# PROBLEM STATEMENT:
Would you transcribe the listing that follows word for word, skipping pictures?

START SUPPLIED INFORMATION

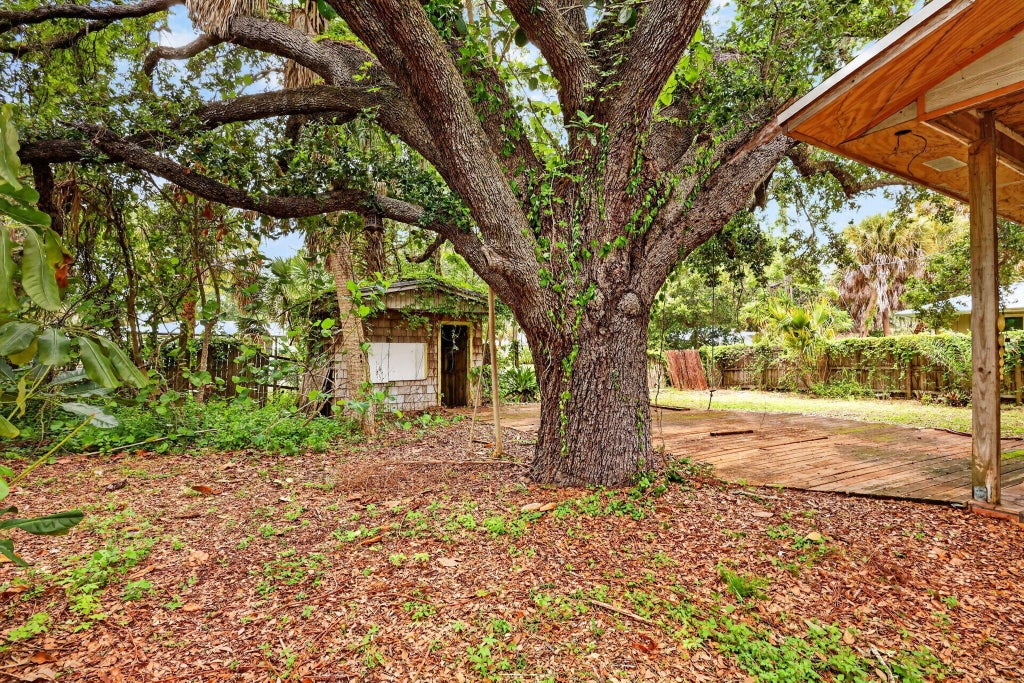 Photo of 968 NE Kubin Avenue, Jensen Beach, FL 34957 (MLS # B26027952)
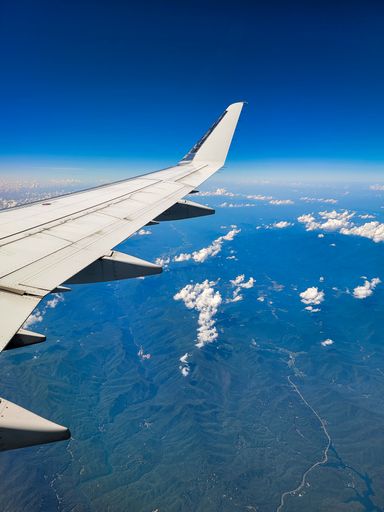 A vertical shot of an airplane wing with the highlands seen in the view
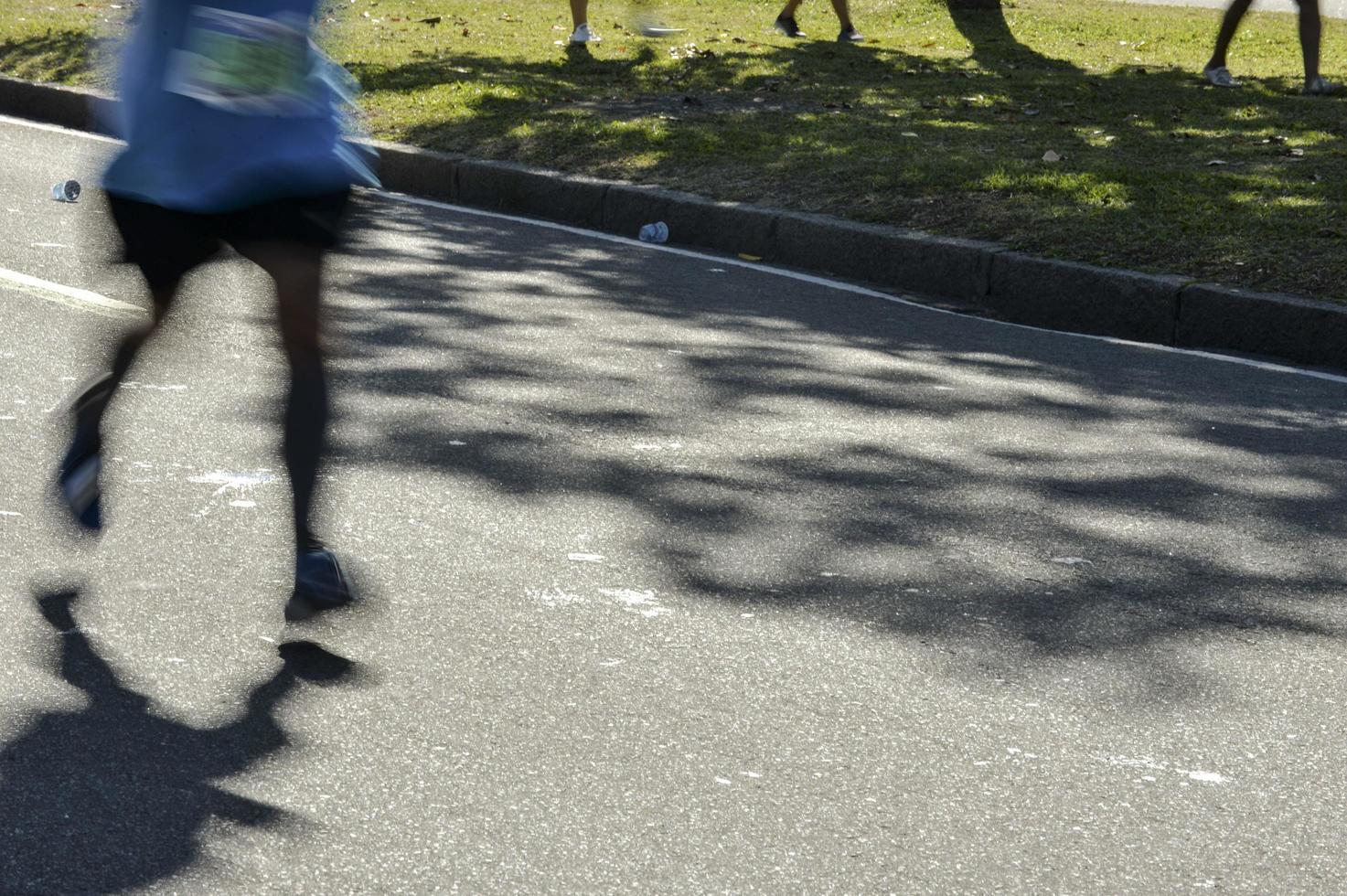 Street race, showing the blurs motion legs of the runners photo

END SUPPLIED INFORMATION

# RESULT FOR THIS TASK:
 Photo of 968 NE Kubin Avenue, Jensen Beach, FL 34957 (MLS # B26027952)
 A vertical shot of an airplane wing with the highlands seen in the view
 Street race, showing the blurs motion legs of the runners photo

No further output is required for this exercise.